16 October 2008

Atheism: Philosophically Incompatible with Intrinsic Value

In a recent blog post titled "Those Mysterious Atheists", Maclin Horton wrote about the incompatibility of morality and atheism:

Anyone who wants to take a serious look at atheism and morality must ask this question: on what grounds can one say that even physical survival, much less co-operation, altruism, or any other mode of behavior, is good in any definite and permanent way?
. . .

Evolution simply has no logical means for speaking of right and wrong, only of what works, and that only with reference to the production and survival of offspring. It can’t, as the saying goes, move from is to ought.That we should concern ourselves with building a better world is either an abstract principle independent of our wishes or it is a mere subjective preference. And if it’s a subjective preference there is no reason why it should be binding on anyone other than the person doing the preferring. Atheists tend to say that moral questions are indeed a matter of personal preference until you come up with an example that they don’t prefer.
. . .

The fact is that most people including atheists experience the sense that some things are simply right because they’re right and other things are wrong because they’re wrong. Of course there are many differences about the specifics, but almost everyone knows the sensation I’m describing, and the rare exception would be considered sick or evil in any society.

Evolution can offer an explanation of these feelings by asserting that they were conducive to survival, and insist that “right” and “wrong” are simply names for feelings of attraction or aversion to behavior that either does or doesn’t facilitate survival.

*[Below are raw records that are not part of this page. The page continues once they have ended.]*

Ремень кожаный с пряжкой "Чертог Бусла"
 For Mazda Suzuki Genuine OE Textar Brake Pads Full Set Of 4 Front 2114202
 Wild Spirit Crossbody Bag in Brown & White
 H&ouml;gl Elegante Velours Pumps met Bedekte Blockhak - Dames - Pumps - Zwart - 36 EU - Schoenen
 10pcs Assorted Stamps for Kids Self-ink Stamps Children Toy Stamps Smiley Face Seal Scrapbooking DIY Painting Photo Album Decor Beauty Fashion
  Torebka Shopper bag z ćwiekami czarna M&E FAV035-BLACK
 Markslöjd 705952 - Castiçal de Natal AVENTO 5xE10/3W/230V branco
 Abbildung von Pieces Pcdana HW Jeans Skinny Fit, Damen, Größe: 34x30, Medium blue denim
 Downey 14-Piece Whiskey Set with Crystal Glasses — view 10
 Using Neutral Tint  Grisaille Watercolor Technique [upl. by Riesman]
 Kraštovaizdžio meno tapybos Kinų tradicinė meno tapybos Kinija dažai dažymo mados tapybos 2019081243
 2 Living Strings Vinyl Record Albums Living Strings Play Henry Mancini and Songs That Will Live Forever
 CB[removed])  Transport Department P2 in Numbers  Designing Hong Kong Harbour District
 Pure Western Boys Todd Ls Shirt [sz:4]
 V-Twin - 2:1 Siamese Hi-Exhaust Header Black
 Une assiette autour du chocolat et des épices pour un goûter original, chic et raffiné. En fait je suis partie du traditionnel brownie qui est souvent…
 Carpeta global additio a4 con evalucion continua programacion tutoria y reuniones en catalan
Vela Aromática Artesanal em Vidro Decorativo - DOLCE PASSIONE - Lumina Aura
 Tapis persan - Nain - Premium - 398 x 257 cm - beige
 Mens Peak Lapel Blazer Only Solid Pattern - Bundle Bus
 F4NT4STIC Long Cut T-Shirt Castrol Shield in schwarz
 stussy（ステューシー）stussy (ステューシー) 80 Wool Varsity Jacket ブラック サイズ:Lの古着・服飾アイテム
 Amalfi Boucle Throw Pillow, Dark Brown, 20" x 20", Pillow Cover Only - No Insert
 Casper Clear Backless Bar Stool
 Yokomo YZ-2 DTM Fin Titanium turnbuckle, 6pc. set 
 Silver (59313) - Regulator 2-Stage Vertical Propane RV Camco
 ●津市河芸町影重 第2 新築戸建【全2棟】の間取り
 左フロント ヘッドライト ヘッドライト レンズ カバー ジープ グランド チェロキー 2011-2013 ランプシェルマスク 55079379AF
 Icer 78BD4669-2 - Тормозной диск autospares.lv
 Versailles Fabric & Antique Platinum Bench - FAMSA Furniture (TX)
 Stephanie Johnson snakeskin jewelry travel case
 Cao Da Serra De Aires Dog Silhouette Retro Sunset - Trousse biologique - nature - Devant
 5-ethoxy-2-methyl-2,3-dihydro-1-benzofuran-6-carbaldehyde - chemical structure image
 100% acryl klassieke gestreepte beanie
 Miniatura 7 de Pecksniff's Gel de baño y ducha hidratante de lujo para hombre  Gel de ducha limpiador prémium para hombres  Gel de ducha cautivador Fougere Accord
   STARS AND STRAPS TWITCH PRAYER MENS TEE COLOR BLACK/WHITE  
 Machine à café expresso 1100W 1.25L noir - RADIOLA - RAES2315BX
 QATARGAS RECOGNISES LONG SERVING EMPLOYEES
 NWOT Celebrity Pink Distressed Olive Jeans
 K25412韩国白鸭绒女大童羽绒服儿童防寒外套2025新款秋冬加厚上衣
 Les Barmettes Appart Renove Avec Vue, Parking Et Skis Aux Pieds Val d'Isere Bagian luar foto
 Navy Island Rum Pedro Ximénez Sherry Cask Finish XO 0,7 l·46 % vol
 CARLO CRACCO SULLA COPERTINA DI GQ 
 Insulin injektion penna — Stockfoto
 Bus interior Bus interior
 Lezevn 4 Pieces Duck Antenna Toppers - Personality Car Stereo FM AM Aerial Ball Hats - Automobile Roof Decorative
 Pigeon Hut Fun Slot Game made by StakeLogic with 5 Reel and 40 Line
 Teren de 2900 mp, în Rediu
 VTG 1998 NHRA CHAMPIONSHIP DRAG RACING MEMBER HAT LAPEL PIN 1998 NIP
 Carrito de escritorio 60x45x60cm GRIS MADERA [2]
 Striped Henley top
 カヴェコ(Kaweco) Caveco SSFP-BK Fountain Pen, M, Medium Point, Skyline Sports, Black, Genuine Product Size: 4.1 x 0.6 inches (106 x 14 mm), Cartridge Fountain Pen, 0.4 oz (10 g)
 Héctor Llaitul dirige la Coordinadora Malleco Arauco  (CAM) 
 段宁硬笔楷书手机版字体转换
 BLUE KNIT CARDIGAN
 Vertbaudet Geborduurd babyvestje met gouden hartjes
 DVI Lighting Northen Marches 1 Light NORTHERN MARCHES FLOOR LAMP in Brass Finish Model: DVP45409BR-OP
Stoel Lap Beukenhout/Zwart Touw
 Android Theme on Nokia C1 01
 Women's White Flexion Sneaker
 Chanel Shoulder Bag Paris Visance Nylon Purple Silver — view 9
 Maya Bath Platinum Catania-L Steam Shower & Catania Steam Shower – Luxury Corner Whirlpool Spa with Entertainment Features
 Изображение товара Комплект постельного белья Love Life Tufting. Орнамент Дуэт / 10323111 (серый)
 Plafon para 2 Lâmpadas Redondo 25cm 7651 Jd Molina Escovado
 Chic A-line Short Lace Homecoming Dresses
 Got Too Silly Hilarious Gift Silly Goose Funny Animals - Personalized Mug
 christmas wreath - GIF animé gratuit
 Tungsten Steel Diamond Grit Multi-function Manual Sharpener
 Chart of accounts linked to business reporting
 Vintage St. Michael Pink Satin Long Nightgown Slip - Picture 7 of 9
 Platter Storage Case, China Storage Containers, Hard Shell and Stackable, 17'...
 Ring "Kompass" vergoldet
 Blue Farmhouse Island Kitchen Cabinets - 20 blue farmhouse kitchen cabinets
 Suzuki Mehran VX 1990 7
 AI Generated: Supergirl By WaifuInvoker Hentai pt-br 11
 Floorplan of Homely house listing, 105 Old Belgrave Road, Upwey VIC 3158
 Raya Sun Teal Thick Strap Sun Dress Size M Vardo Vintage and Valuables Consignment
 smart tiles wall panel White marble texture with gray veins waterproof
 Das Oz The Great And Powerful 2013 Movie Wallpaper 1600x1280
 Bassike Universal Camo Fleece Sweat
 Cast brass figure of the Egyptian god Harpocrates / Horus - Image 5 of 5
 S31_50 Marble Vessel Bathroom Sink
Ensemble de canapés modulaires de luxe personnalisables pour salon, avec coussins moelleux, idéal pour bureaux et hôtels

It can’t say that anything is in fact right or wrong, and it must deny that the sense of right and wrong is what we all experience it to be: a reference to some standard outside our selves and our species. In short, the atheist must deny his own direct experience in order to maintain his intellectual consistency.
This dovetails nicely with an essay by Chesterton (which I just happened to be reading) called "Is Change Improvement?" where he addresses the idea of an evolving morality.
If everything changes, including the mind of man, how can we tell whether any change is an improvement or no?
. . .

Now, nobody can possibly say which of those two evolutionary changes is the better, unless he keeps some standard that cannot be changed. He cannot tell...unless he has some principle...that does not evolve at all.
. . .

What I want to know is, how is the evolutionist to tell whether this is a forward step or a retrograde step, if his ethics are always changing with his evolution?...But how is the unhappy doubter to decide which of these two version of true progress is really true? He can only do it if he has the test of some truth that remains true. The mind is fluid and changing, as the body is fluid and changing. On this principle we may be able to say of the future that it will be a change. But we cannot say it will be an improvement: for that implies that there will always be something in common between us and our descendants; something that we are all trying to improve. Why should that something not change like everything? Is that outside the laws of evolution? Is that a special creation? Is that a miracle? Is that common standard of conscience a thing of divine origin? Dreadful thought!
I would put it in terms of intrinsic value. As Maclin states, evolution cannot account for anything being good, as in, possessing intrinsic value--objective transcendent value in itself. And realizing this was the major impetus which moved me from unbelief back to belief: I could not deny my experience that some things really are beautiful, that some things are good (and conversely that some things are evil). Some answer that that's just my subjective experience/preference...but that's not what I experience. The whole reason I experience something as good or beautiful or evil is because I experience it as objectively so. I don't experience the wrongfulness of Aushwitz as a preference, but as an objective fact. . . it is the experience of its objective evil that gives me my preference for hating it. Atheism cannot account for objective values of this sort, because, as Maclin and Chesterton points out, it requires something to exist outside the universe of change And so the atheist can only account for morality as preference and, in doing so, as Maclin says, he "must deny his own direct experience in order to maintain his intellectual consistency."

05 October 2008

There are only 5 ways anyone can respond to an argument.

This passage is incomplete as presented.